An Zahl der größeren Kriegsschiffe war die Armada absolut weit überlegen mit 56 Fahrzeugen über 500 tons — dazu noch 4 Galeassen, mächtige Gefechtsschiffe, und 4 Galeren — gegen nur 14 auf englischer Seite. Wesentlich anders stellt sich dieser Vergleich aber schon, wenn wir auf englischer Seite die Schiffe zwischen 200 und 500 tons, 8 königliche und 26 Kauffahrer, dazu rechnen; nach ihrer Armierung ist man dazu berechtigt, da sie hierin den spanischen Schiffen von 500–600, ja auch vielen von 600–800 tons, gleichstanden.
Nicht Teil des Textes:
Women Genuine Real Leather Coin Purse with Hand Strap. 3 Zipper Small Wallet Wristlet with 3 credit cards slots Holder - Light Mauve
In der Größe der Schiffe war die Überlegenheit ebenfalls auf spanischer Seite, wenn man die Zahl der Schiffe in den einzelnen Klassen nach Tonnengehalt gegenüberstellt. Für die Beurteilung der Gefechtskraft ist dieser Umstand jedoch nicht durchschlagend, weil die englischen Schiffe alle weit schwerer armiert waren als die spanischen gleichen Tonnengehalts. Auch boten die großen spanischen Fahrzeuge, die weit höher über Wasser waren als die englischen gleichen Tonnengehalts, im Feuergefecht ein gutes Ziel, ein Nachteil, der durch den Vorteil beim Enterkampf nicht aufgewogen wurde. Das auf Bildern jener Zeit zum Ausdruck gebrachte übermächtige Aussehen der Spanier hat gerade früher zur Überschätzung der Armada geführt.
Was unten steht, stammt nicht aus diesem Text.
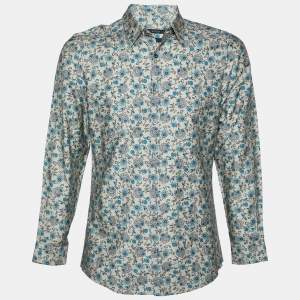 Gucci Beige Floral Printed Cotton Slim Fit Shirt M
Zu dieser relativen Überlegenheit der englischen Artillerie an Zahl der Geschütze trat auch noch die ganz unzweifelhafte an Kaliberstärke,[59] d. h. es befanden sich auf der englischen Flotte relativ sicher, vielleicht sogar absolut, mehr Geschütze schwereren Kalibers als auf der spanischen, wenn auch die Schwäche der Spanier in dieser Beziehung nicht so bedeutend war, wie längere Zeit angenommen ist. Vor allem aber war die Bedienung dieser Waffe bei den Engländern weit besser. Die Spanier hielten — nach Ausspruch eines spanischen Autors — das Geschütz für eine unedle Waffe, gut genug zur Einleitung des Gefechts bis zum baldigen Kampfe Mann gegen Mann. Die Pforten waren bei ihnen der Sicherheit gegen Gewehrfeuer wegen so klein, daß die Geschütze nur schlecht gerichtet, namentlich nicht genügend inkliniert, werden konnten, bei Feuergefecht auf kurze Entfernung für die hohen Schiffe den niedrigeren gegenüber ein großer Nachteil. Die Schiffe führten nur wenig Munition. Die Bedienung war instruiert, auf die Takelage zu schießen, um den Feind manövrierunfähig zu machen und dadurch zum Enterkampf zu kommen; die Feuergeschwindigkeit war gering. Bei den Engländern war die Artillerie schon zu einer geachteten Waffe geworden, die Geschütze waren besser lafettiert und wurden besser und schneller bedient. Man kannte diesen Umstand in Spanien wohl; Philipp befahl in seiner Instruktion, bei einem Gefecht solle man den Enterkampf erzwingen, der Feind würde versuchen, ein Feuergefecht zu führen.

Ebenso wichtig aber wie die Überlegenheit im Gebrauch der Artillerie war die der Engländer in der Bedienung der Schiffe. Hingewiesen ist auf den großen Unterschied in der Bemannung mit Seeleuten, und sowohl als Mannschaft wie als Führer waren die Engländer tüchtiger. Bei den Spaniern überwogen die Soldaten so sehr, daß die Bedienung des Schiffes im Gefecht in Frage gestellt war, Soldaten kommandierten teilweise die Schiffe. Die spanischen Fahrzeuge manövrierten infolge ihrer Höhe über Wasser und ihrer hohen Kastelle an und für sich schon schlechter.